Manuscrito: Doctor Once, Hamlet y la reina de las astas: un manual para sobrevivientes
“Se trata de un astronauta...Bueno, no: se trata de alguien que sobrevive a una tragedia y descubre que quedó totalmente alienado de las cosas cotidianas. Es muy profundo”. Así describe un personaje secundario a Estación Once, la misteriosa novela gráfica ficticia a cuyas páginas vuelve una y otra vez la miniserie Estación Once (HBO Max) para encontrar consuelo y consejo en tiempos difíciles.
Basada en la novela de Emily St. John Mandel de 2014, la ficción podría haber aprovechado a puro patetismo la carambola perfecta de tener un tema profético (cómo vive el 0,1% de la humanidad que sobrevivió a una pandemia de gripe) en el momento en el que ya nos cansamos de esperar lo peor. Contra todo pronóstico, ver Estación Once provoca el efecto opuesto: lejos de la alienación, las cosas cotidianas que han sobrevivido a la catástrofe –una camioneta, un racimo de guantes de golf, un CD–, lejos de subrayar la ausencia del ritual que le permitía cumplir con su función, se convierten en un memorial de una vida que ya no existe pero se recuerda.
Así, Kirsten explica con infinita paciencia a los “pospan” (los nacidos después del Año 0 en la nueva normalidad) el paso a paso para pedir un Uber y confirma que, en el “Antes”, todas las obras de teatro del mundo podían guardarse en el celular inerte que sostiene entre sus manos.
Como estrella de una compañía shakespeareana a lo Mad Max, la Sinfonía Transhumante, que recorre incansablemente los pequeños poblados a orillas de los Grandes Lagos para ofrecer Hamlet, Kirsten ha terminado por encarnar el eslogan del misterioso astronauta de su libro de cabecera, el náufrago Doctor Once: “Sobrevivir es insuficiente”. La representación de la tragedia isabelina, la novela gráfica sin copia, el “Museo de la Civilización”: todo lo que han logrado rescatar de la aniquilación es una carta de amor al arte, a su capacidad de contener la suma de la experiencia humana, incluso si ya no hay más humanos.
No debería sorprender a nadie que las dos mejores series del año que comienza se centren en un grupo de sobrevivientes de una catástrofe. Sí, quizás, que el duelo contenga tanto humor y poesía.
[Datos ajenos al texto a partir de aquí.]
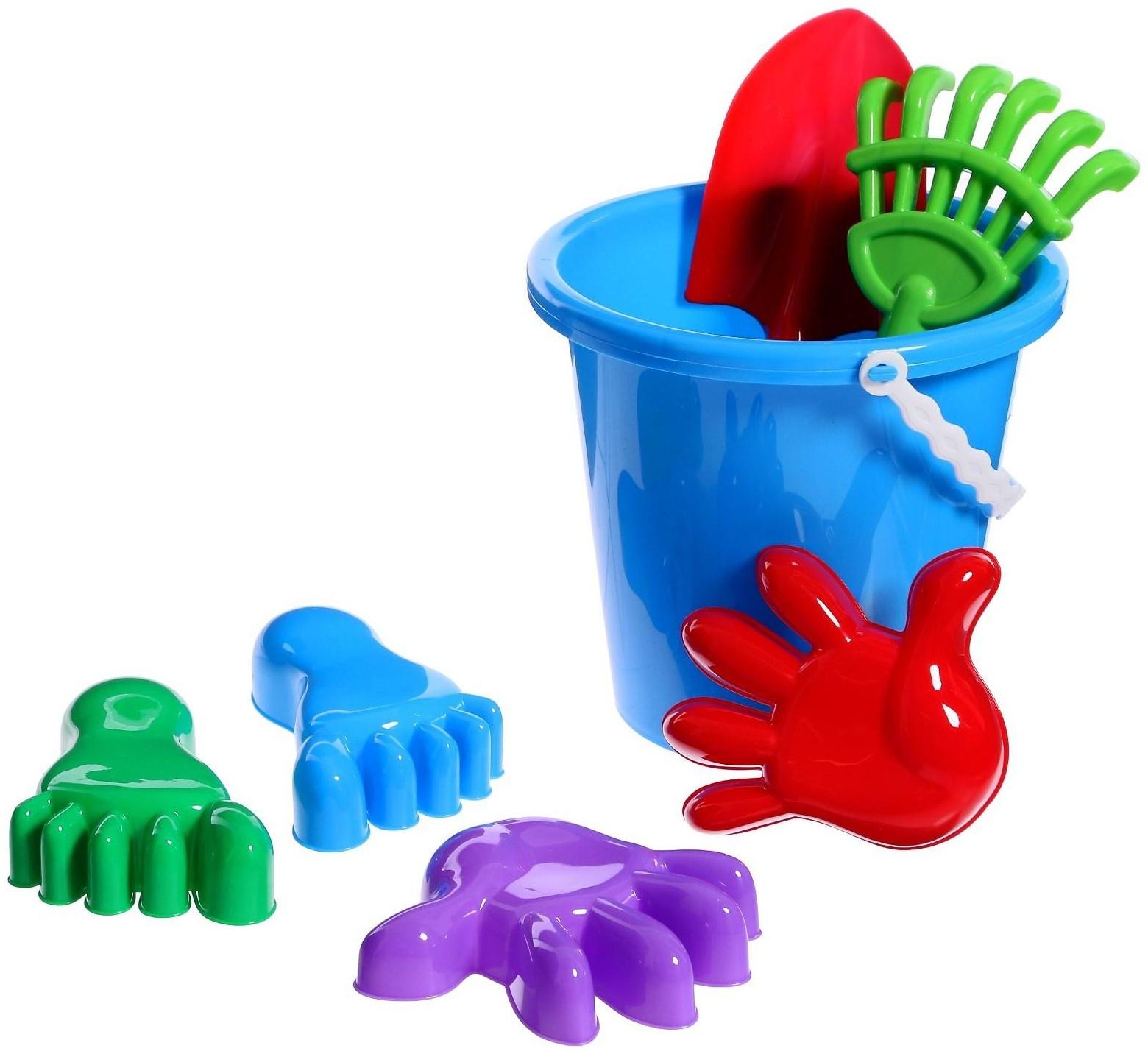 Набор для игры в песке №20: ведро большое, совок, грабли, 4 формочки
La tragedia en Yellowjackets (Paramount+) no es global sino personal: el avión de un equipo de fútbol femenino, con sus asistentes y técnicos, cae en 1996 en una zona remota y boscosa de Canadá. Las sobrevivientes, luego de enterrar a la mayoría de los adultos, y experimentar la euforia de haber sobrevivido y ser libres, cree encontrarse en una especie de viaje de egresados agreste (no lejos de allí está la ruta de la Sinfonía Transhumante).
Pero los meses pasan, la ayuda no llega, la comida escasea, el invierno se acerca y, sobre todo, los secretos de las adolescentes se combinan con una pulsión maligna que puede o no venir del exterior. Una olla a presión que estalla en una cacería ritual a las órdenes de una de ellas, autoproclamada Reina de las Astas. Las consecuencias de ese “lapsus de civilización” las obsesionarán durante los siguientes 25 años.
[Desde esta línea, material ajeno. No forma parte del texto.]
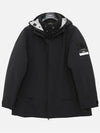 Men's Cocoon Logo Patch Parka Black - STONE ISLAND - BALAAN 3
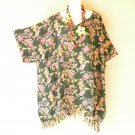KB98 Green Floral Batik Caftan Plus Kimono Poncho Hippy Women Blouse Top upto 5X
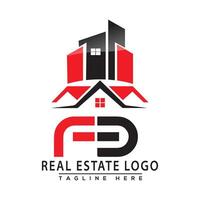fd real Estado logotipo vermelho cor Projeto casa logotipo estoque vetor. vetor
El paso del tiempo y los caminos que abren la culpa y el trauma en nuestros recuerdos son otras características en común entre estas dos series, claramente hijas de nuestra actualidad: historias de mujeres sobrevivientes por casualidad y no mérito, decididas a merecer tal suerte o tentarla hasta el final (seguir vivas podría no ser una bendición: hay alguien decidida a eliminarlas, revelar sus secretos o al menos sacarles todo su dinero).
Yellowjackets y Estación Once van y vienen en su narración, entre ese pasado de pesadilla y este “ahora” solo aparentemente más civilizado, entre las jóvenes enfrentadas con la soledad de lo salvaje y las mujeres solo superficialmente recuperadas de la experiencia. El sentido, e increíblemente, el humor, está en poder ver la imagen completa, incluso con los espacios vacíos de las piezas del rompecabezas que nos faltan.